Su abuelo no le negará nada que el dinero pueda comprar, asegura el abogado, señor Havisham (Eric Porter) a la señora Errol, Dearest (Connie Booth). Otro personaje permanece, el del limpiabotas Dick (Rolf Saxon), que junto al señor Hobbs, y como sucedía en la anterior versión cinematográfica, acabarán viajando hasta el castillo del conde de Dorincourt para pasar una temporada con Ceddie, y librarle de la amenaza de un falso heredero al título. Aunque el episodio está resuelto con más prestancia en la versión precedente, sirve para hacer notar el hecho de que, ahora que el conde tiene este problema a cuestas, se da cuenta de las nimiedades que le enemistaron con su hermana, lady Lorradaile (Rachel Kempson). Asimismo, también la empleada Mary (Carmel McSharry) viaja con ellos. Como en el caso anterior, es definida como alguien de la familia más que como una sirvienta.

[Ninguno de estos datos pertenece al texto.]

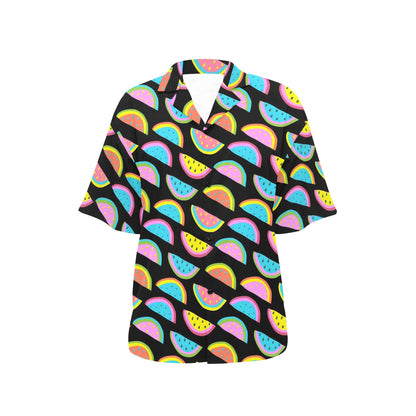 Watermelon Pattern Print Design WM08 Women's Hawaiian Shirt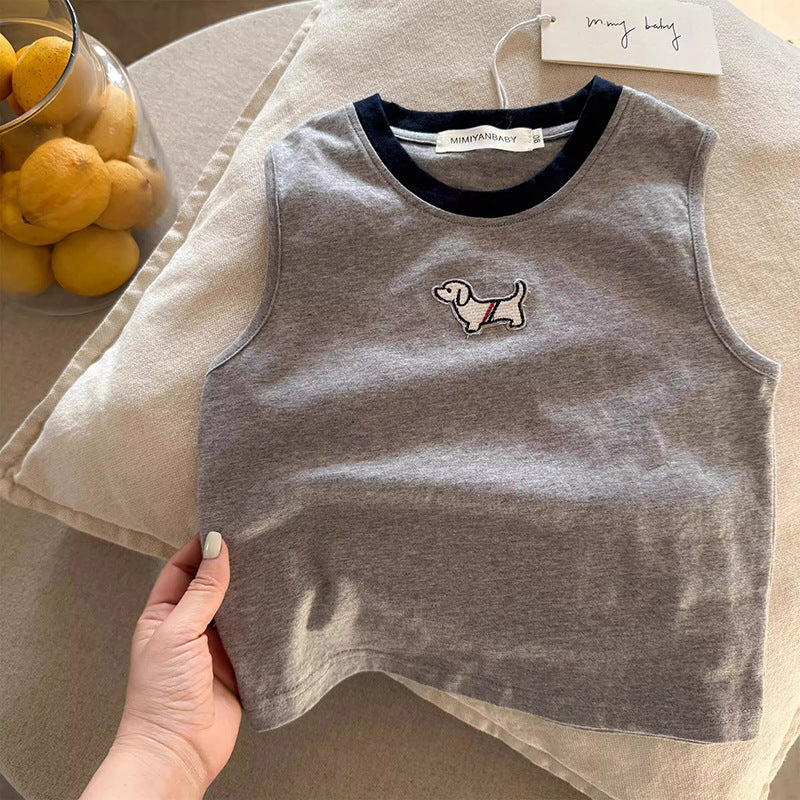 Kids Sleeveless T-Shirt Top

El conde está interpretado por el excelente Alec Guinness (1914-2000). El castillo de Court Cottage es magnífico, y está regentado por Dawson (Antonia Pemberton), el ama de llaves. También en esta ocasión la madre de Ceddie tiene que guardar las distancias. Pero el chico pronto se hace amigo incluso del perro del conde, de aspecto fiero. Con los equinos ocurre lo mismo, tal y como comprueba el encargado de las caballerizas Wilkins (Patrick Stewart).
Estando en compañía de este último, Ceddie ayuda al lisiado Georgie (Dicon Murray), un muchacho de su edad. Una actitud que casa con otra que vendrá a continuación, por la que, junto a su abuelo, el chico dispone de un sitio específico en la Iglesia.
Destacarse merece la chispeante y estupenda conversación a la fuerza que mantienen la señora Errol y el conde (un saludable duelo de esgrima verbal). Tras los jugosos preparativos de la fiesta de presentación que se va a dar en el castillo, se produce la reparación de la referida falta de entendimiento con la hermana del conde y su marido, sir Harry (Ballard Berkeley).
El balance de El pequeño lord (Little Lord Fauntleroy, Rosemont Productions, 1980) es también muy positivo, y cuenta con una coda final de marcado acento navideño. Da fe de este proceso esa larga mesa en la que se escenifica la inicial incomunicación entre el conde y su nieto.
Lo cierto es que no sé si es bueno que el hombre esté solo, pero sí que se sienta solo. El arrendatario irá poco a poco suavizando su carácter hosco y posición férrea. A los pies del castillo se hallan las casas de los más desfavorecidos, los aparceros del conde, como primero comprueba la señora Errol y, más tarde, el propio conde en compañía de Ceddie (es la parte más esquemática, pero no deja de ser efectiva). Precisamente, la imagen del castillo proporciona otro buen momento, al aparecer al fondo del plano, cuando el pequeño y su abuelo llegan a la casa donde ha sido alojada -relegada- la madre. Es tan solo una cuestión de tiempo que todos estos elementos formen una unidad. Lo confirma el mejor regalo que Ceddie podía esperar, y que se dispone debajo del Árbol de Navidad.